• [AVAILABLE DATA]
★ ★ ★ ★ ★ ★ ★
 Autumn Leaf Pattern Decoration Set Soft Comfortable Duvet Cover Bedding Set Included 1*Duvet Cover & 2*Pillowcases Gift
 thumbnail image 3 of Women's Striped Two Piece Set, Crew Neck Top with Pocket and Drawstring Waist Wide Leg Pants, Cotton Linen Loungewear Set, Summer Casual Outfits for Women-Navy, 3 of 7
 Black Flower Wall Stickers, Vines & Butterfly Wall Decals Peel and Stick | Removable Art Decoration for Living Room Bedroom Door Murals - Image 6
★ ★ ★ ★ ★ ★ ★
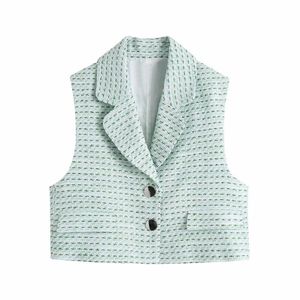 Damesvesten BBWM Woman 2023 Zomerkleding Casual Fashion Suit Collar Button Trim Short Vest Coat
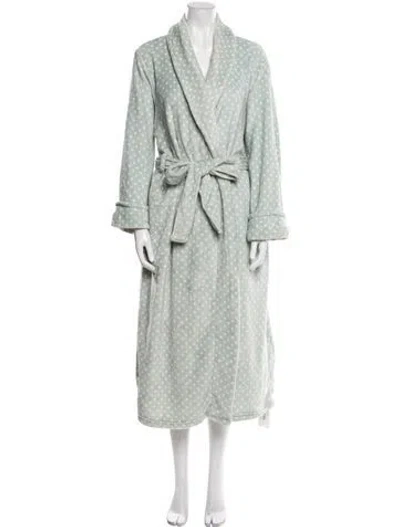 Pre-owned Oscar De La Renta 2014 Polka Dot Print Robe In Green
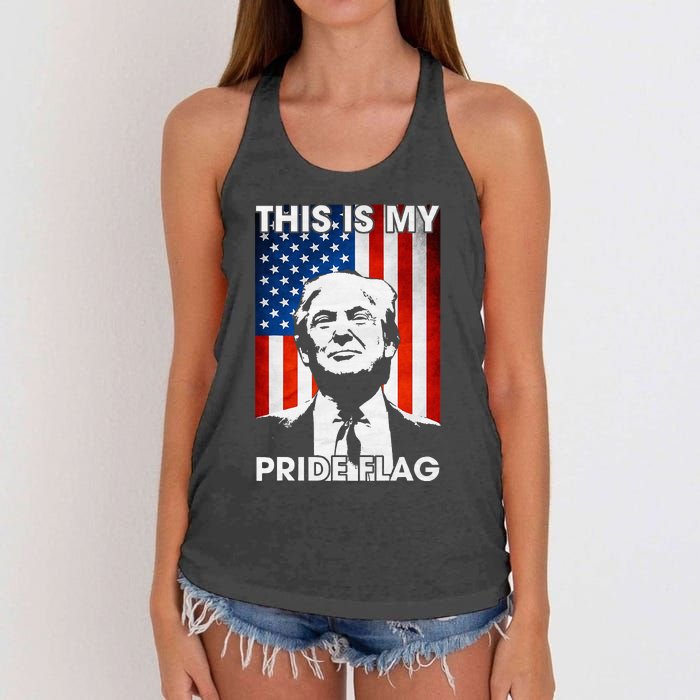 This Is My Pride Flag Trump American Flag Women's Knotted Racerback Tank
★ ★ ★ ★ ★ ★ ★
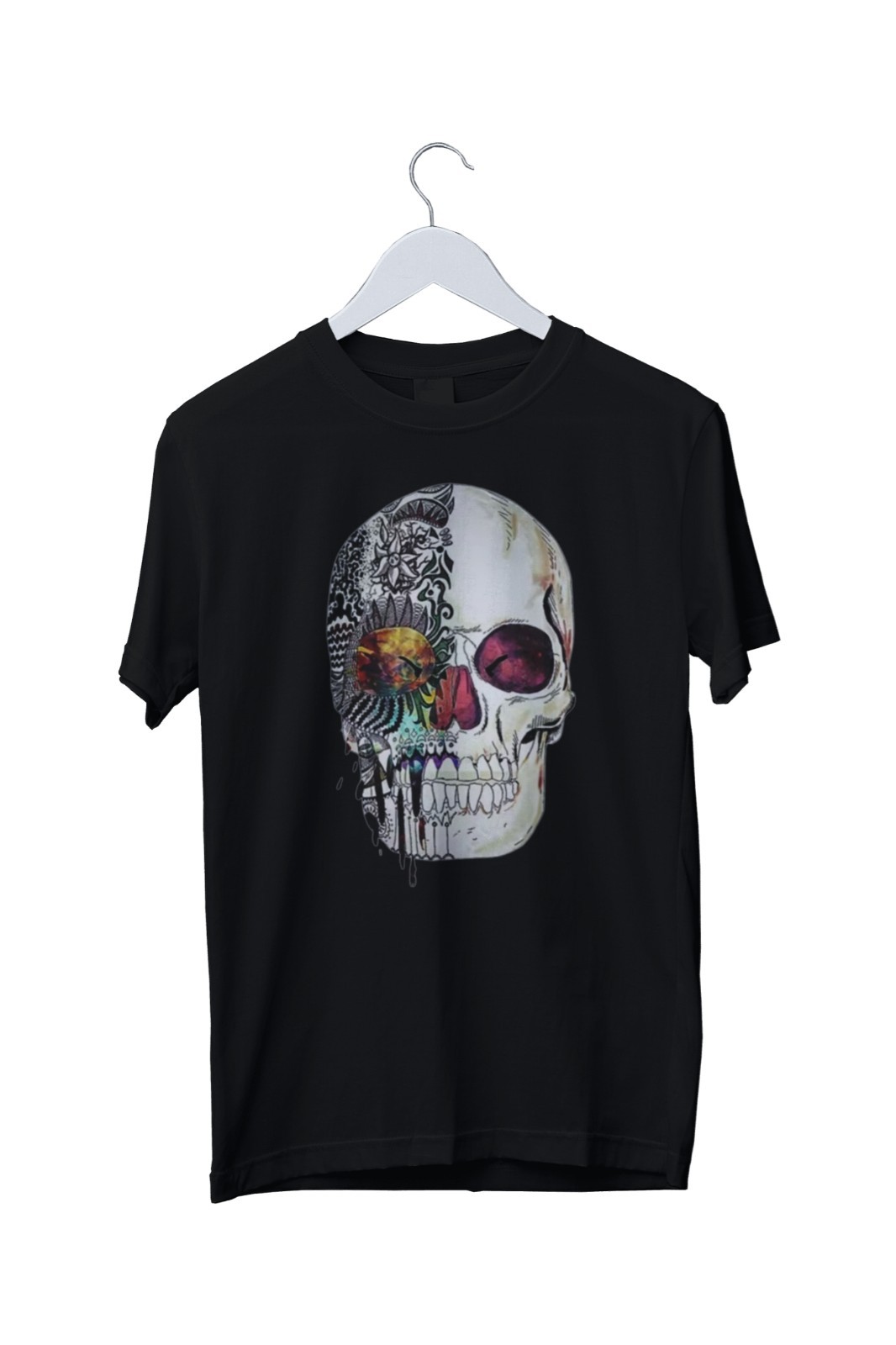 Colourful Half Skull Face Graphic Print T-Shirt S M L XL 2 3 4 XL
★ ★ ★ ★ ★ ★ ★
• [WHAT YOU HAVE TO DO]
Using the material above, copy every line in which the string "Decoration" occurs.

• [RESPONSE]
 Autumn Leaf Pattern Decoration Set Soft Comfortable Duvet Cover Bedding Set Included 1*Duvet Cover & 2*Pillowcases Gift
 Black Flower Wall Stickers, Vines & Butterfly Wall Decals Peel and Stick | Removable Art Decoration for Living Room Bedroom Door Murals - Image 6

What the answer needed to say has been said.